> Required action
Lines with "Black": copy each one from the listing below.

━━━━━━━━━━━━━━━━

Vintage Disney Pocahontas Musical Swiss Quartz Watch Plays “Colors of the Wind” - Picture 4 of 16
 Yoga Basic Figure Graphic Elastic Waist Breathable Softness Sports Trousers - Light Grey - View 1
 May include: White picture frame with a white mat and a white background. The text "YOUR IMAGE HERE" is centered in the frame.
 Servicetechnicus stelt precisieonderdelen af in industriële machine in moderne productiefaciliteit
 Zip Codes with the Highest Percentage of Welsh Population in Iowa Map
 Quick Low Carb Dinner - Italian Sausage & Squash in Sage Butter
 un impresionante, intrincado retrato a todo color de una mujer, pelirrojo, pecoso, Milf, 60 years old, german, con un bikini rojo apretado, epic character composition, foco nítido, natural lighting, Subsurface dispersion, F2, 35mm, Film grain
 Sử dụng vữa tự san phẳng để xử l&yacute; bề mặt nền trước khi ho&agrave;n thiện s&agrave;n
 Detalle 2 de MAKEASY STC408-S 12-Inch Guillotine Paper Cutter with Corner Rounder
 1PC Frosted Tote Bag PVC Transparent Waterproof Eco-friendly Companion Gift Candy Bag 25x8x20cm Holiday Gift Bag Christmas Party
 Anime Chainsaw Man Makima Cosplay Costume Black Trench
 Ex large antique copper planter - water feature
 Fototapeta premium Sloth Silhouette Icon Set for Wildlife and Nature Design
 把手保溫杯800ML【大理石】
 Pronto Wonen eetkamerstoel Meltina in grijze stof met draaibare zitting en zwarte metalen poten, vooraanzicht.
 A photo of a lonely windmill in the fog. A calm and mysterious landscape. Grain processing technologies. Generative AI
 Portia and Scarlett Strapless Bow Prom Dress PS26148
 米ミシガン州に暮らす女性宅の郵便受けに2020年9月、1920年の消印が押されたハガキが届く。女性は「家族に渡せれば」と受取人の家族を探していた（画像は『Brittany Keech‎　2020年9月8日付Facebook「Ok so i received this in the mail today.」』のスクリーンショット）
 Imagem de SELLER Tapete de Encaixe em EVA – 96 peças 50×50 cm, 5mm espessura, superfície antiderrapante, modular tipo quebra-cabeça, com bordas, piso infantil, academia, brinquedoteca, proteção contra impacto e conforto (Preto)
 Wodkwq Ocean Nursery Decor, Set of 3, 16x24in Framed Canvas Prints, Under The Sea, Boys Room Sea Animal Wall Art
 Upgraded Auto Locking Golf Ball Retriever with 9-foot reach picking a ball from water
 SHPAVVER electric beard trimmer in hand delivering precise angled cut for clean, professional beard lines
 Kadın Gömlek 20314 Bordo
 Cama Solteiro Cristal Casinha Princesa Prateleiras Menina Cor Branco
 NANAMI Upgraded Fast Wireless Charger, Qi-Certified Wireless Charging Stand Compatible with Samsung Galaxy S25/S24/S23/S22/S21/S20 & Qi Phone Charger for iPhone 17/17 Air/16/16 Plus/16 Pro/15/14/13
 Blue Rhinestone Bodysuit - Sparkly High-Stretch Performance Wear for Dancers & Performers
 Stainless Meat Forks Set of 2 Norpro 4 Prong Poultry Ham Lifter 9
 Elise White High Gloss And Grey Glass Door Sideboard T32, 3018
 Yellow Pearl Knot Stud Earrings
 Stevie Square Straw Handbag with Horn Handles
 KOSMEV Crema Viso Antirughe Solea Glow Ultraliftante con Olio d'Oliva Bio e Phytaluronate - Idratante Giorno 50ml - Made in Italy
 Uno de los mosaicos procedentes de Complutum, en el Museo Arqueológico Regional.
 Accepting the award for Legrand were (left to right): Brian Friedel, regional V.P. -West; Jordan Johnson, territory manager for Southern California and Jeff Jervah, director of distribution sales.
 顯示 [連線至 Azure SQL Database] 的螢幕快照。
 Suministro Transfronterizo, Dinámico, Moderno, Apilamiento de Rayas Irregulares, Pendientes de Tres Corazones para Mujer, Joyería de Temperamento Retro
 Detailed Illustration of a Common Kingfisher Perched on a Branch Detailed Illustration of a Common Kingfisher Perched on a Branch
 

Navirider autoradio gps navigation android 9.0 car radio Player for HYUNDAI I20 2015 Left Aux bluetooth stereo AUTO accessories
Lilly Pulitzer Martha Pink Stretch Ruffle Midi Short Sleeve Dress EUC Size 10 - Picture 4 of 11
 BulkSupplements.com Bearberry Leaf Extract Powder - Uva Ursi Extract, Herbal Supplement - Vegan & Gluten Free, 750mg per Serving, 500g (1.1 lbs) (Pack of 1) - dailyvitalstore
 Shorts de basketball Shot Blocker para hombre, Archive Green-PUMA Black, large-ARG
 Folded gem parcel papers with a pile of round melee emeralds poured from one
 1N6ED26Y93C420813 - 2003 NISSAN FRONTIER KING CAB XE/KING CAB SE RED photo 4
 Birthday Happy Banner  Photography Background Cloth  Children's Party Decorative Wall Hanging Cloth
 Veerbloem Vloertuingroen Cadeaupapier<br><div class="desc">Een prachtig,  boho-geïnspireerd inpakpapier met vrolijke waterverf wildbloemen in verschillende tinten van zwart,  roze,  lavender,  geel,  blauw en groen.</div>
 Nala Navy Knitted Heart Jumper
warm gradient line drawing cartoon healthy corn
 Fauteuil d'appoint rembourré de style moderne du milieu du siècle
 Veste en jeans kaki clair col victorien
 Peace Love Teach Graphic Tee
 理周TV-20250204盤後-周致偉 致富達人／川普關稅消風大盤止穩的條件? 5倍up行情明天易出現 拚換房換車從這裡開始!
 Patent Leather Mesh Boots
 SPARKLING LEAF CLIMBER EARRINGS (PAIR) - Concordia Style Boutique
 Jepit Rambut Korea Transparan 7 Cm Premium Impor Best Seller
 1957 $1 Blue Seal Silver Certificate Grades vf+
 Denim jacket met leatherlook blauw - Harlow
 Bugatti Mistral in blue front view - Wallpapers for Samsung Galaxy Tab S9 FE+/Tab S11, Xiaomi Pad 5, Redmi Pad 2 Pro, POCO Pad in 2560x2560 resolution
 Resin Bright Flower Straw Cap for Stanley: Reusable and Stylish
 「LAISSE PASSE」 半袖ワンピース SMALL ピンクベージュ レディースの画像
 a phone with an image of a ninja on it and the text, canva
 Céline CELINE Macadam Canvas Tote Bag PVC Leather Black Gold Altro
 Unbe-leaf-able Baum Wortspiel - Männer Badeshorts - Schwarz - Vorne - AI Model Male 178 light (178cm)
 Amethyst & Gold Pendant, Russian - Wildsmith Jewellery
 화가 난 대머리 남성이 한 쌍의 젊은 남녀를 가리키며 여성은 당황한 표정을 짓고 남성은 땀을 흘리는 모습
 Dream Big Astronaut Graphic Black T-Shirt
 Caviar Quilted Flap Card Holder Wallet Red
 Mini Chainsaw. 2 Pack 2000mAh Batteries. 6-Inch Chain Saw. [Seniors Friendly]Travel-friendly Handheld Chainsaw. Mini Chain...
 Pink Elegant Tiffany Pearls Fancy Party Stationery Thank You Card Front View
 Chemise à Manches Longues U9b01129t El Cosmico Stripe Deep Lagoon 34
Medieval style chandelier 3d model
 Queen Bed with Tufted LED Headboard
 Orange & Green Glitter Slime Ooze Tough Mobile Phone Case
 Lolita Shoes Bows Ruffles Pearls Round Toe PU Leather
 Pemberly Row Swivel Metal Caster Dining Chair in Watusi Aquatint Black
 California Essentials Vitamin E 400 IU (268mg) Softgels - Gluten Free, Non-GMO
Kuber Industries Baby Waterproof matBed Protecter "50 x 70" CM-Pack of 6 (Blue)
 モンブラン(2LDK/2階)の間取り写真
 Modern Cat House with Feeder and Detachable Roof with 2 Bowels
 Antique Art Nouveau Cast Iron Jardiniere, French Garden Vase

━━━━━━━━━━━━━━━━

> Output below
 Anime Chainsaw Man Makima Cosplay Costume Black Trench
 Shorts de basketball Shot Blocker para hombre, Archive Green-PUMA Black, large-ARG
 Céline CELINE Macadam Canvas Tote Bag PVC Leather Black Gold Altro
 Dream Big Astronaut Graphic Black T-Shirt
 Pemberly Row Swivel Metal Caster Dining Chair in Watusi Aquatint Black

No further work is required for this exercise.